• 2004 : PAUL FOOT

     

    The following letter was sent to the London Review of Books in response to the obituary of Paul Foot by Mary-Kay Wilmers in the issue of 19 August 2004 – http://www.lrb.co.uk/v26/n16/mary-kay-wilmers/short-cuts  . This otherwise generous piece concluded with the sentence  “He even included a standard Socialist Worker harangue in every piece he sent us, for the sheer pleasure of watching us take it out.”  My letter was not published.

    The Editor,

    London Review of Books,

    Dear Editor,

    What a shame that Mary-Kay Wilmers had to spoil an affectionate and moving obituary to Paul Foot (LRB, 19 August) by a cheap sneer about Socialist Worker  in the final sentence!

    I knew Paul for over forty years, and worked closely with him on Labour Worker (predecessor of Socialist Worker) in the 1960s. Paul was one of the best young journalists of his generation, with many avenues open to him. Yet he chose to devote much time and effort to a scruffy paper that sold less than two thousand copies – entirely without financial reward.

    I don’t doubt the enthusiasm put into his LRB articles but I can say with certainty that if Paul had had to choose between writing for the  LRB or Socialist Worker he would not have hesitated one instant. The LRB has many talented contributors, and some who are very principled and courageous. But Socialist Worker brings together people who, however small their numbers and meagre their resources, are committed not just to criticising the world but to doing something about it.
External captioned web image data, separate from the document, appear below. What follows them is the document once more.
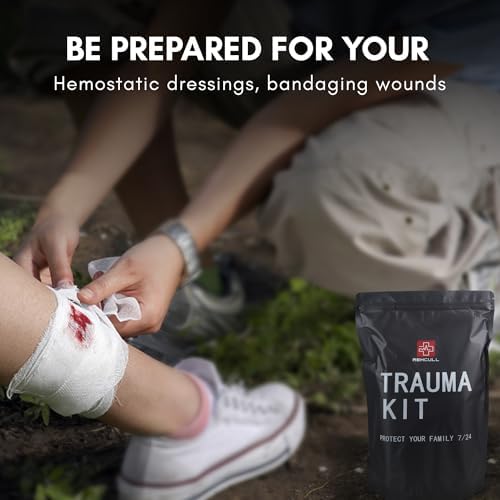 IFAK Refill Kit, Compact Emergency Medical First Aid Trauma Kits Survival Supplies Hemostatic Combat Tactical Wound Care Dressing Pack with Chest Seal 6”Israeli Bandage for Rapid Military, 8pcs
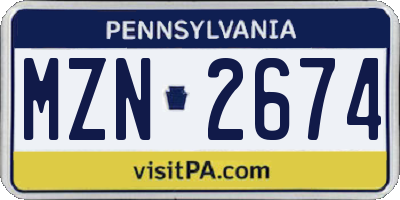 PA license plate MZN2674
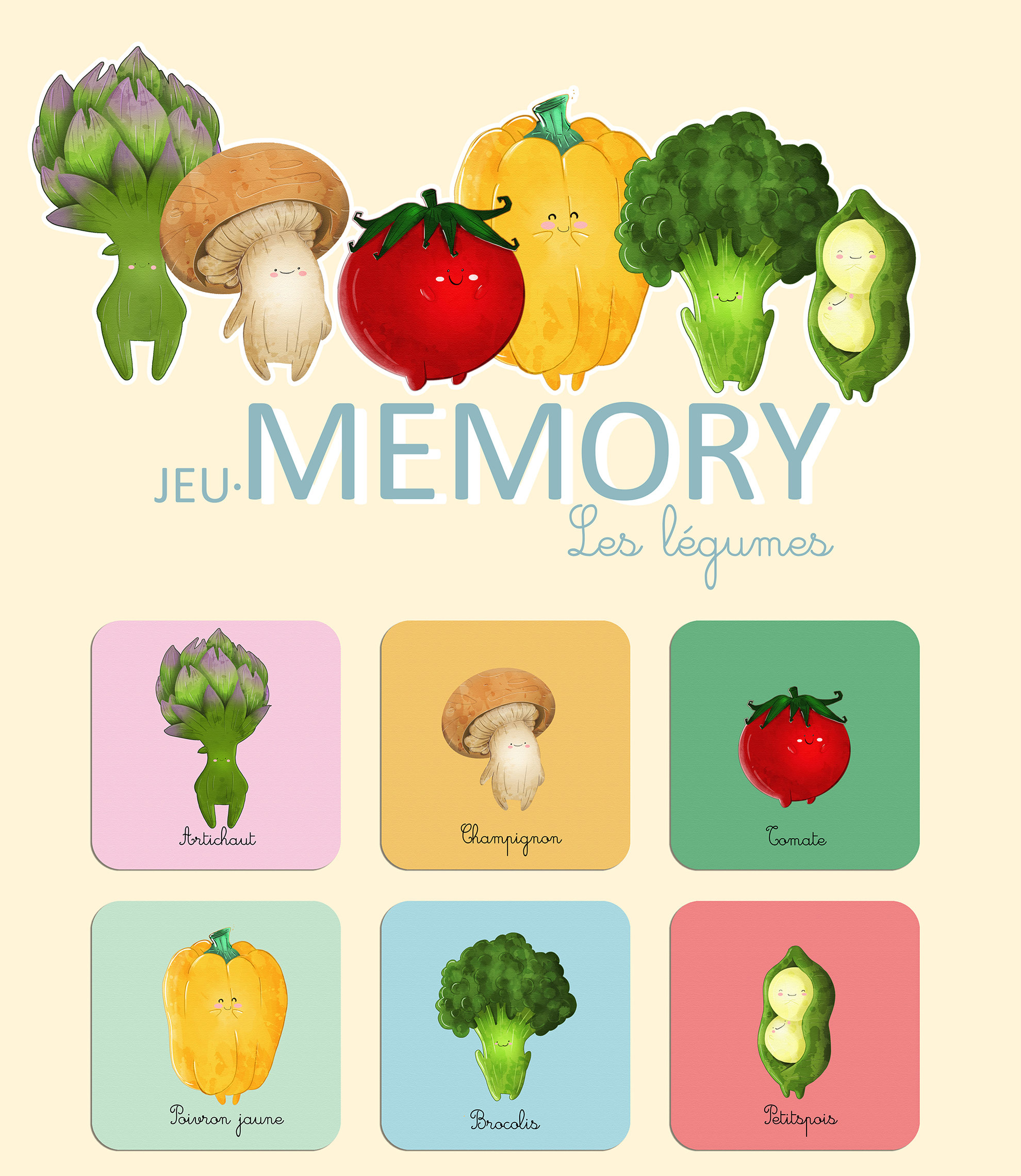 Jeu de memory fruits et légumes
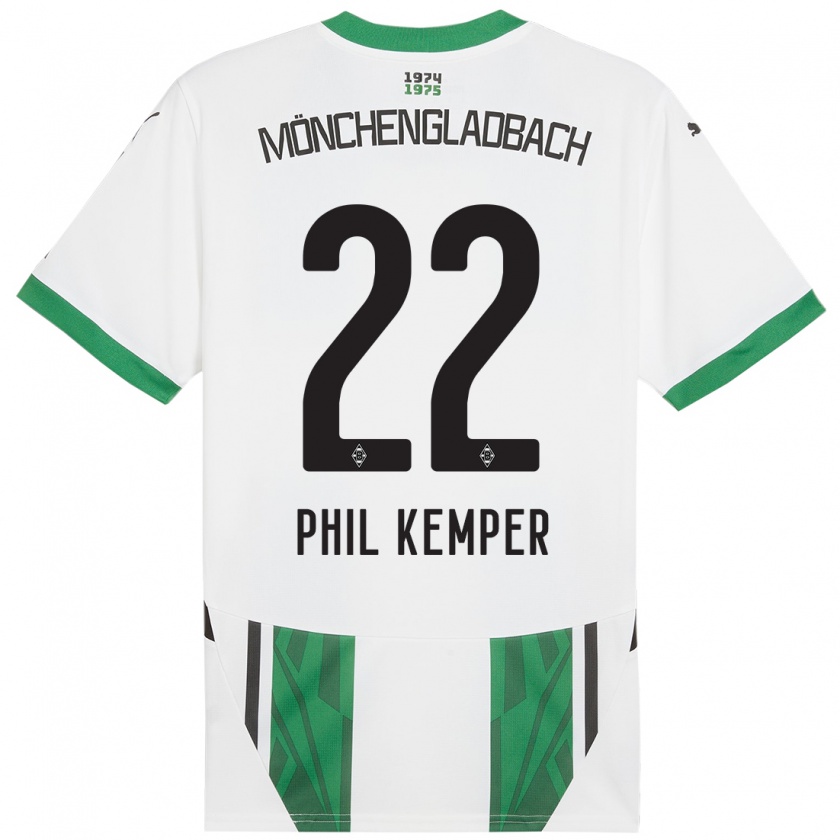 Kandiny Kinder Phil Kemper #22 Weiß Grün Heimtrikot Trikot 2024/25 T-Shirt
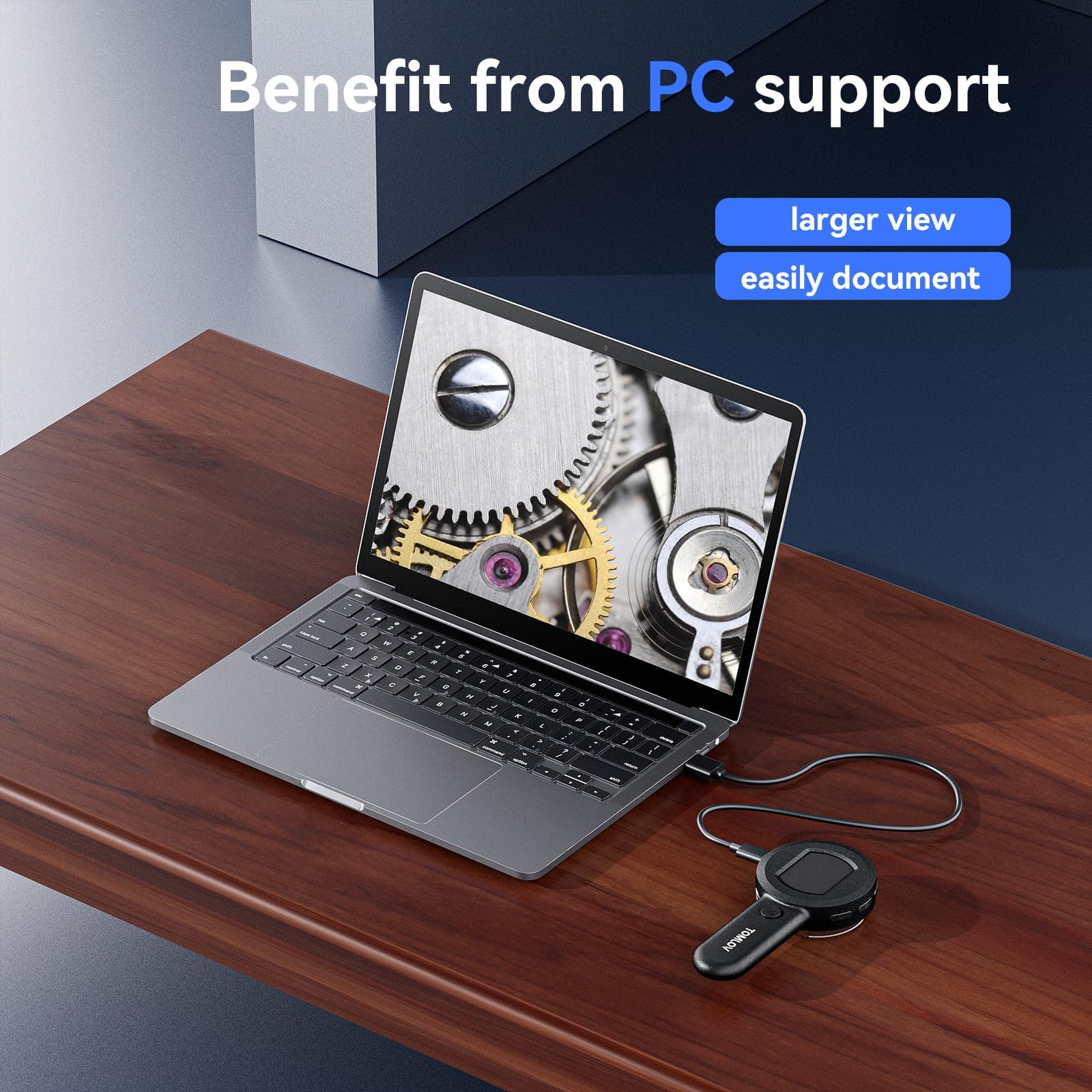 TOMLOV P10 USB PC connection for large-screen viewing.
    Paul’s revolutionary socialist politics were not an optional extra to be excised by a supercilious editor. They were at the core of whatever he wrote. Paul loved books, loved all expressions of culture that showed what humanity at its best was capable of. But he would undoubtedly have agreed with William Morris when he wrote: ‘… popular art has no chance of a healthy life, or, indeed, of a life at all, till we are on the way to fill up this terrible gulf between riches and poverty. Doubtless many things will go to filling it up, and if art must be one of those things, let it go.’